Friday, June 30, 2017

NYAFF ’17: Wet Woman in the Wind

There were hard and fast rules for the making of Nikkatsu’s so-called Roman P*rn* series of films, sort of like a sonnet or a haiku. They had to be under eighty minutes, with a sex scene due every ten minutes. Having saved the studio from financial ruin in the 1970s, they have recently dusted the tried-and-true formula for old times’ sake as well as potentially lucrative territorial sales and back-end deals, so to speak. This time around, they have recruited some surprisingly well-known filmmakers, including Akihiro Shiota (Dororo), whose Wet Woman in the Wind (NSFW trailer here) screens during this year’s New York Asian Film Festival.

Shiori is trouble with a capital “T.” Where she goes, her elevated pheromones cause irrational sexual behavior, but Kosuke is determined not to play her game. The former womanizing playwright has sequestered himself in a remote cabin to detox and maybe find himself. Shiori is not part of his plans. Of course, she takes his resistance as a challenge. As fate (and Nikkatsu) would have it, his former theater troupe will come blundering along, bringing plenty of unwitting accomplices (of both genders) to help stir Kosuke’s jealousy.  Of course, he is not about to take all that lying down.

So yes, Wet Woman in the Wind is screening at the Lincoln Center, home of the Metropolitan Opera, The New York City Ballet, and the New York Philharmonic. Seems fitting, right? You could say there’s a lot of choreography in the film. There are certainly plenty of bodies in motion and physical comedy aplenty.

Frankly, Wet probably could have passed for brilliant cultural criticism in the early 1970s. It feels like it stepped out of 1969, with its lead character, a sort of nymphomaniacal Amélie breaking down square sexual inhibitions and Kosuke going back to nature to get in touch with his true feelings or whatever. However, as a throwback, it is more honest about its horndog proclivities.
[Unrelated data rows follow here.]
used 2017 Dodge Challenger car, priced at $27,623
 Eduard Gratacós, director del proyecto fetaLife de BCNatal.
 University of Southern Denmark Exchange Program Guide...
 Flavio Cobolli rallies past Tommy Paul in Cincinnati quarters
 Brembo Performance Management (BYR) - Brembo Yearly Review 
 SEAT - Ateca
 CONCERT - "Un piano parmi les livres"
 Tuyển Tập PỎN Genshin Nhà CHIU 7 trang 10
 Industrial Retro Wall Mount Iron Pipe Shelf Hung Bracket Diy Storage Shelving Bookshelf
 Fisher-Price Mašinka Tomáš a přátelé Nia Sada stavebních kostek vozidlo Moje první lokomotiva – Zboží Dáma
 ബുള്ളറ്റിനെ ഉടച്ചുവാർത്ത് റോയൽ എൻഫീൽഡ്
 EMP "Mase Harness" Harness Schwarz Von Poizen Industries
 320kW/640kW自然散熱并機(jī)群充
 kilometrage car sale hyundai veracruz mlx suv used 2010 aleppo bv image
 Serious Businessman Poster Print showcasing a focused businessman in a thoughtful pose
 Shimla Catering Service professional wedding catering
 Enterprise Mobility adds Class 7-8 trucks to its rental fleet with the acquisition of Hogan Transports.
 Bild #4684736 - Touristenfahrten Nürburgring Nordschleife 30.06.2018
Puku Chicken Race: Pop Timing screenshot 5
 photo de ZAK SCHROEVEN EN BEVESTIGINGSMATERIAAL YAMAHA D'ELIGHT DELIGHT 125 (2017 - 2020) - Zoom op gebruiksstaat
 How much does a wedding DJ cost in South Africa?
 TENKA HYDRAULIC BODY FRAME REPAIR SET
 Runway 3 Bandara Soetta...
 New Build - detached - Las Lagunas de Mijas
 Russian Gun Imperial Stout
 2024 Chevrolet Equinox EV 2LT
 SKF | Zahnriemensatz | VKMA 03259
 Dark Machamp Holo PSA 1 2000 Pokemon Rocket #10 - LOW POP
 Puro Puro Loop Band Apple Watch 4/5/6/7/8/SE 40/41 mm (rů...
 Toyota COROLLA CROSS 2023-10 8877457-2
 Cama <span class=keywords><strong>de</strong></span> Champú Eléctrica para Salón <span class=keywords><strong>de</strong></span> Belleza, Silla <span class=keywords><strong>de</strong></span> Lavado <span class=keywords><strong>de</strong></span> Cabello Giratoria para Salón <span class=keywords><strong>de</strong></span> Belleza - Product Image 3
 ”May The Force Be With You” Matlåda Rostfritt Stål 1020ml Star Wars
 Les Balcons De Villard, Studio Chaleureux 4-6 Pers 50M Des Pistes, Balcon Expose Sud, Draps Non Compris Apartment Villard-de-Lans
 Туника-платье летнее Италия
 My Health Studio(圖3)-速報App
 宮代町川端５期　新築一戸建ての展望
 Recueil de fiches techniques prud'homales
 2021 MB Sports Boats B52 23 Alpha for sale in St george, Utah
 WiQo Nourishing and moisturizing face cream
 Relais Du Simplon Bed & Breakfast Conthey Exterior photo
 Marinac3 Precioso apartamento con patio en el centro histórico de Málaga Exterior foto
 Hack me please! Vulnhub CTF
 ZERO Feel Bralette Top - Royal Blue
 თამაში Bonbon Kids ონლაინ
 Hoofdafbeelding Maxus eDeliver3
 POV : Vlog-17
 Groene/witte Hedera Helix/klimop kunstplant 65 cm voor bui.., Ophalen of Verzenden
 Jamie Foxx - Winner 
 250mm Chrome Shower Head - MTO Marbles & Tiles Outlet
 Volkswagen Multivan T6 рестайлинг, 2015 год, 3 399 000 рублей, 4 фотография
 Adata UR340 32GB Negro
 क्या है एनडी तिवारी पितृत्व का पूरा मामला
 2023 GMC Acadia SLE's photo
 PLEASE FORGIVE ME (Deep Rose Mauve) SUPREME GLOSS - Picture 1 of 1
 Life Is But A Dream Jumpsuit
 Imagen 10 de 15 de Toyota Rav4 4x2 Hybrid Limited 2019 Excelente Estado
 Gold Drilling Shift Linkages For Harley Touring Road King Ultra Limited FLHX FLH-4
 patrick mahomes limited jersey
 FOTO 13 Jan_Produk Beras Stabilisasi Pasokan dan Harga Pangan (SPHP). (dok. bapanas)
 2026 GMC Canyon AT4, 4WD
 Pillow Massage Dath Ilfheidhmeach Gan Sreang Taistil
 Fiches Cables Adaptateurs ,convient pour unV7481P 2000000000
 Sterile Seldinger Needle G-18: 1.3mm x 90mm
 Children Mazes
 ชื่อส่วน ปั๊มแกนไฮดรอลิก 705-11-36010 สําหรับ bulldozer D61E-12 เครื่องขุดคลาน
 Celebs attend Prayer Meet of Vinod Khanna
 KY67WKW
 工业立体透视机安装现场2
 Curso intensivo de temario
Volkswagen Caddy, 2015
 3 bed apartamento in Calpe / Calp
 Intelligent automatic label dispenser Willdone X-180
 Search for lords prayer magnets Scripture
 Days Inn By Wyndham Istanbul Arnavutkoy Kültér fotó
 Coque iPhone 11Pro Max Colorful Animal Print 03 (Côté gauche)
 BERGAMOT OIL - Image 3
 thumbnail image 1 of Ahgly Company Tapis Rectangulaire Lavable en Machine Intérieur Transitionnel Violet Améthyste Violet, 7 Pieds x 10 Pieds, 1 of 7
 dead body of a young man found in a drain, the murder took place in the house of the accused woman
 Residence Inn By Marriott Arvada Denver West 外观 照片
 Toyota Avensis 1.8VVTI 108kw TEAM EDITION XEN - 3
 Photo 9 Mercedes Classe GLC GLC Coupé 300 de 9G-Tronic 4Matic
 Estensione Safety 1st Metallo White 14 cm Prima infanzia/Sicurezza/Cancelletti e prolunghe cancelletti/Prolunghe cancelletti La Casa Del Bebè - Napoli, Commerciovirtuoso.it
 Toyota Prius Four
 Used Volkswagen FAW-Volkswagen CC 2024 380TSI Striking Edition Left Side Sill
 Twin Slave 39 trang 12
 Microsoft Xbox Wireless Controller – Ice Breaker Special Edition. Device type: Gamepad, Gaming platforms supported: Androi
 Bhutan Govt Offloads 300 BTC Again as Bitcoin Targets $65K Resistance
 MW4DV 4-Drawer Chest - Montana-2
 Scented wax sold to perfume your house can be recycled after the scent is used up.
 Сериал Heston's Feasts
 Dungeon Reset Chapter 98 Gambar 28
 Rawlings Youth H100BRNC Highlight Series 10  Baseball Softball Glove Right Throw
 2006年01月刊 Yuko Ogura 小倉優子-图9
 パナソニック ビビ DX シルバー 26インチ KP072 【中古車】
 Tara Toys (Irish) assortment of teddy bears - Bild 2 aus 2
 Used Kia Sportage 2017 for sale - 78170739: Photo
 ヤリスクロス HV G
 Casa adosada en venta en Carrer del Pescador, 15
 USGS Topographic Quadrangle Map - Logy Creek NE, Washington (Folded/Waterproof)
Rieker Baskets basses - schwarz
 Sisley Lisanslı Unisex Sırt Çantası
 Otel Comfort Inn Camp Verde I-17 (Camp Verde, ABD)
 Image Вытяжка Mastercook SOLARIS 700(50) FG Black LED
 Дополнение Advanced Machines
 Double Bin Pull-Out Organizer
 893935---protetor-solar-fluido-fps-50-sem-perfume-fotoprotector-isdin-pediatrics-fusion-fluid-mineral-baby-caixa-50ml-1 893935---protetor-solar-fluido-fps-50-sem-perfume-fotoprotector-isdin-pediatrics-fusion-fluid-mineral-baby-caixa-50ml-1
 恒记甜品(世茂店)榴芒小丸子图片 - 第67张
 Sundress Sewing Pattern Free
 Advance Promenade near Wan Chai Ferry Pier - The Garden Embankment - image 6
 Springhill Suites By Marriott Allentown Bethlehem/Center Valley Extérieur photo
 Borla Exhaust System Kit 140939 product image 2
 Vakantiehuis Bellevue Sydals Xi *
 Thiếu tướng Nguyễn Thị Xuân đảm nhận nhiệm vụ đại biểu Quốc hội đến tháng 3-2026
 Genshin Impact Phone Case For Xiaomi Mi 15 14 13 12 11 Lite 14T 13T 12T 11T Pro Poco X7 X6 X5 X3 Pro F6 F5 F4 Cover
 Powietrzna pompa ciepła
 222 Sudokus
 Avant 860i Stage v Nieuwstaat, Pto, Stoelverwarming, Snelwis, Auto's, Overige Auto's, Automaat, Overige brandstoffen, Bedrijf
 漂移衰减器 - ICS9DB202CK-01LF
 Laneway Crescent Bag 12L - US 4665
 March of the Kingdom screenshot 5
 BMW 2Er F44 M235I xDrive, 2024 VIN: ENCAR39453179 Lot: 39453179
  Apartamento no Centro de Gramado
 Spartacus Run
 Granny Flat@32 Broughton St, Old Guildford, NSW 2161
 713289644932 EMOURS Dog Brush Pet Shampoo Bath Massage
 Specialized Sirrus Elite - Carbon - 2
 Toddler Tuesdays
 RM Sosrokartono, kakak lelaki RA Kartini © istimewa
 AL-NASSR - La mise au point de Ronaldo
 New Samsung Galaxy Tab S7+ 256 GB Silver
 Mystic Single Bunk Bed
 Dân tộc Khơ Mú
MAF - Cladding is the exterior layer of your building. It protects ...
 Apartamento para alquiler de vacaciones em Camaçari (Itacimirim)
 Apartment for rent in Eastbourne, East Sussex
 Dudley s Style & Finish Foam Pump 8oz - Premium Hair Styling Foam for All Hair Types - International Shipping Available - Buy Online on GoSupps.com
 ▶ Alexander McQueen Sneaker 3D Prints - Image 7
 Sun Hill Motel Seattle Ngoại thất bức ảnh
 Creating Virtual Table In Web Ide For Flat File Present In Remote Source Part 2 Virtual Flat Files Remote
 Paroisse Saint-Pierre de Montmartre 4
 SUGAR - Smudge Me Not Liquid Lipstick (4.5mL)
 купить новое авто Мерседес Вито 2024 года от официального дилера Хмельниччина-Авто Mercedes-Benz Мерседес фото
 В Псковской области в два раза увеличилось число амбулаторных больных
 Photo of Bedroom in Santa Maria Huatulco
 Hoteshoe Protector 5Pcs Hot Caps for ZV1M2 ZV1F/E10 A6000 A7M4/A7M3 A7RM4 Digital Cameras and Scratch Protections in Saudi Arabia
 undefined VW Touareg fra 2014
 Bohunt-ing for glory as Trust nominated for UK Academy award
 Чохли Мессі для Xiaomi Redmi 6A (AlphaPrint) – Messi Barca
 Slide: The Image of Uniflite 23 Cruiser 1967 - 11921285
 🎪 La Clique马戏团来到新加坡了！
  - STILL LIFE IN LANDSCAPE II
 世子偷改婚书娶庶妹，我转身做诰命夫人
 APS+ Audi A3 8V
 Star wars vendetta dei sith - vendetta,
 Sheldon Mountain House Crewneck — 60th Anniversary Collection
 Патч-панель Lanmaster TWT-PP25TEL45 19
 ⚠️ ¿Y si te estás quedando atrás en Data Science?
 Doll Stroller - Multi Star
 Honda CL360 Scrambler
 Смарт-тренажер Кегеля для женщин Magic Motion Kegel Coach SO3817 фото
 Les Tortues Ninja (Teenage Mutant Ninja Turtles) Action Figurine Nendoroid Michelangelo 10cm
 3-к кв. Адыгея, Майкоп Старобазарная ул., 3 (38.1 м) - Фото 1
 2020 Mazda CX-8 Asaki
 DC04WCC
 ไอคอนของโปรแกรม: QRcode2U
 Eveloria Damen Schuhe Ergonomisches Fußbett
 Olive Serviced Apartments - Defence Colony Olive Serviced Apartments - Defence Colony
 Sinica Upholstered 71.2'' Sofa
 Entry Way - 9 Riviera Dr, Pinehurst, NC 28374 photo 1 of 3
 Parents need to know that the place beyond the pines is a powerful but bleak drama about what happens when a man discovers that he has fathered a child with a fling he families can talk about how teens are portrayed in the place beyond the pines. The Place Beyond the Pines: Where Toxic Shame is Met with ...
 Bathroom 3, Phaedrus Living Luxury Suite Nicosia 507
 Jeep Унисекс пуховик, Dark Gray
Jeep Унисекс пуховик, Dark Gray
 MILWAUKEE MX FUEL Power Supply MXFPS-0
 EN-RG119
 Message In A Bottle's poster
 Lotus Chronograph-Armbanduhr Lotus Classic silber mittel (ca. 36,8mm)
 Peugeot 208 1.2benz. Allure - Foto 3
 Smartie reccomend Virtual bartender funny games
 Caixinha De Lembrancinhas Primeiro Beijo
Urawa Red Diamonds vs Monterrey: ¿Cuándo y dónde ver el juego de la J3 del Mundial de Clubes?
Regardless, Yuki Mamiya is just an indomitable, irresistible force as the seductive pixie. To her credit, she throws herself into all the chaos and what-not her character unleashes.  There is no doubting her energy or commitment. Wisely, Tasuku Nagaoka opts for a more restrained approach as Kosuke, but he is still getting naked just the same. Recommended for nostalgic fans of the original romans, Wet Woman in the Wind screens at the Walter Reade on the Fourth of July, because obviously. However, if that all sounds fun to you, you really have to check out the ribald but endlessly inventive Suffering of Ninko, which screens on Sunday, July 9th, as part of the 2017 New York Asian Film Festival.